During the ‘80s when Hancock made these comments, Aboriginal Australians were marching for their rights; it had been less than a decade in some places since Aboriginal children were still being taken from their families, and it wasn’t until 1983 that the High Court of Australia made an attempt to define ‘Aboriginal or Torres Strait Islander’ for the purposes of legal recognition – which then initiated a handbasket of its own cruel problems. One of the Aboriginal Australians who joined that fight was musician Archie Roach, who speaks across the opening track of the album, Intro: “It gives me goosebumps… you had to be in their face,” Roach says.
“It’s a trip,” says Trials of Archie’s words. “To us, it’s like you’re travelling and thinking you’re lost, and then seeing the roadside that says you’re half-way there. That’s the dude that opened up a lot of these doors in contemporary Australian music, to be able to include black stories. He was amongst it. To hear him says it reminds him of the old days? We want to capture the passion we had for the music, and that’s what we felt we were doing, and that’s what we were aiming for.”

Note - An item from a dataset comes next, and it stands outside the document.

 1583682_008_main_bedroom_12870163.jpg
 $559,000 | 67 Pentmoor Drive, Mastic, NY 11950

“I think as soon as Archie gave us the nod, it was like okay, regardless of the genre he could feel the energy in what we were trying to do – the same things that we felt from his records,” says Briggs. “And also,” Trials adds, ”If we get a bad review, we can say ‘F-ck you – Archie likes it.’”
The last song on the album, Take Me Home, features the familiarly haunting vocals of another enormously influential Aboriginal musician: Geoffrey Gurrumul Yunupingu. “We didn’t even mean to have it as bookends,” Trials says. “It grew so naturally. It literally was an accident that we started with Archie and ended with Gurrumul; it just works so poetically to have two absolute dead-set kings to start and finish our message.”

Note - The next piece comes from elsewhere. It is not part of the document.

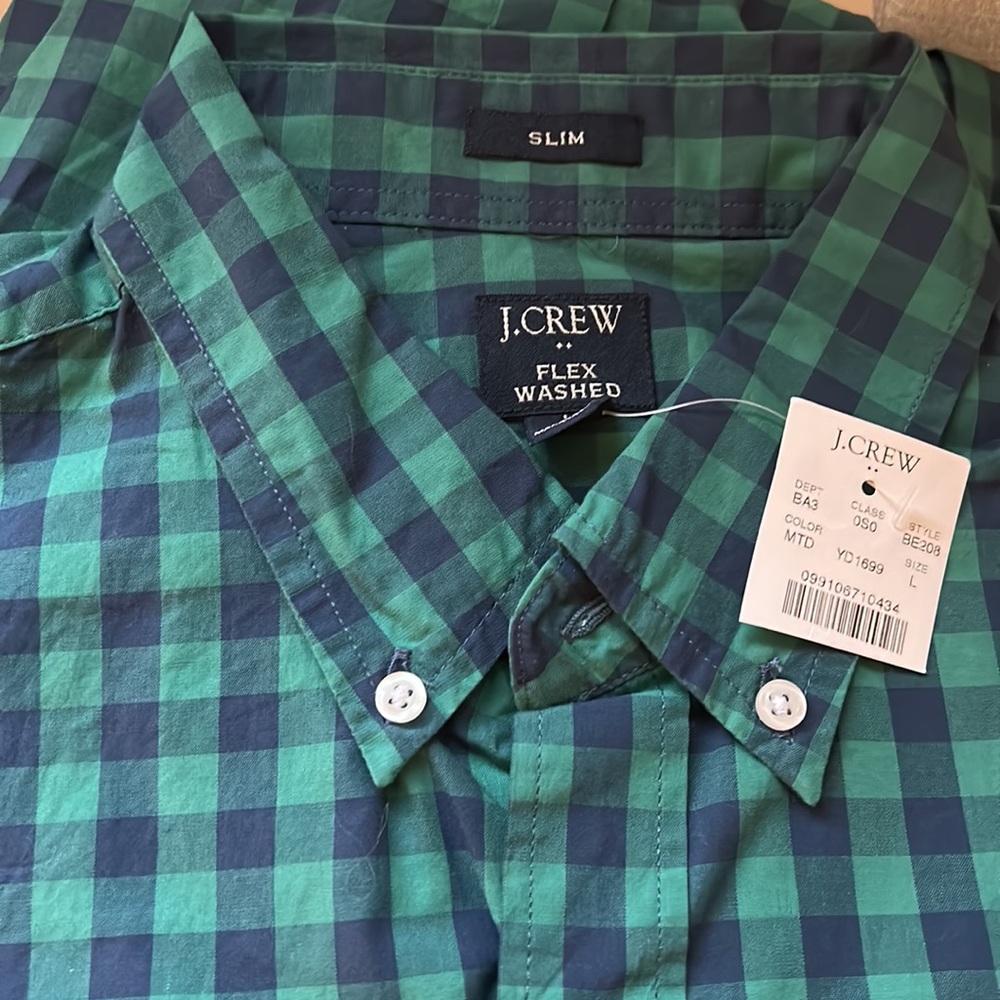 NWT3 Men’s slim Size L long sleeve dress shirts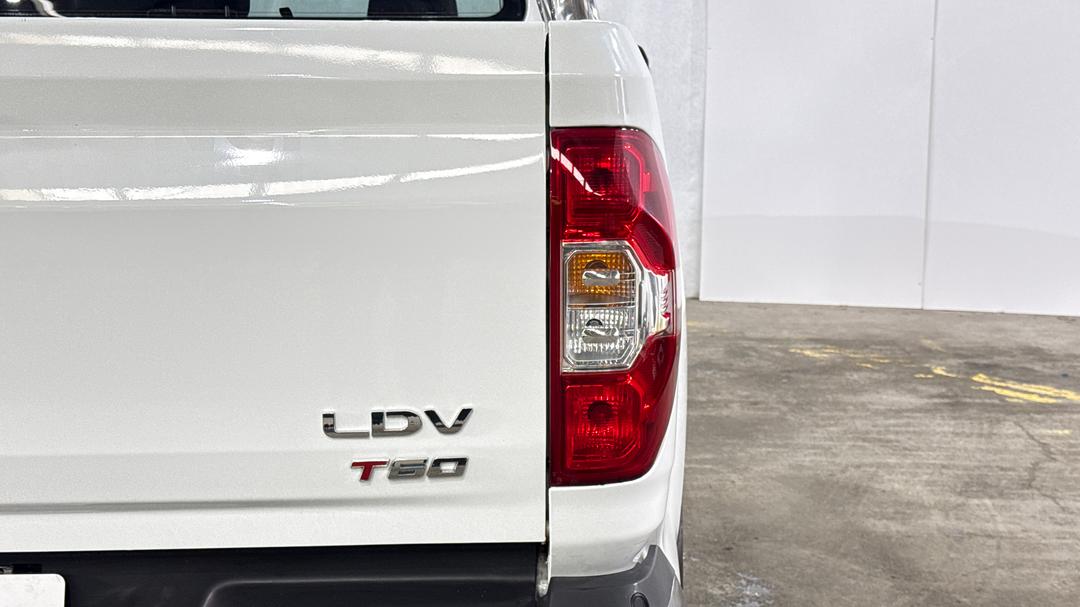 2021 LDV T60 Luxe (4x4), Automatic, 65932 km, Badge (Boot Right Side)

That message of reclamation and comradeship comes in an extended metaphor across the album; there are several references to gorillas, most notably on stand-out Report To The Mist. Aside from the incredible flow of the track’s rap – the complexity of its constantly changing accents is formidable, as well as its killer rhymes: “The blacker the berry the bigger the charge/ The whiter the lies the deeper the façade/ The whiter the crime the looser the cuffs/ The blacker the skin? That noose is for us” – it contains the repeated rally-cry of “Roll call: report for duty, gorillas.”
“They’re smart animals – I think they’re pretty f-cking cool,” says Briggs. Trials continues: “We’re obviously well aware of the racial undertones that go along with the wonderful gorillas. I think that was a big thing for us – to use a lot of those slurs that we’ve heard against us growing up, and say ‘F-ck that, that’s ours.’”
“And, Harambe,” says Briggs, semi-solemnly. “That’s obviously an extra level… R.I.P.”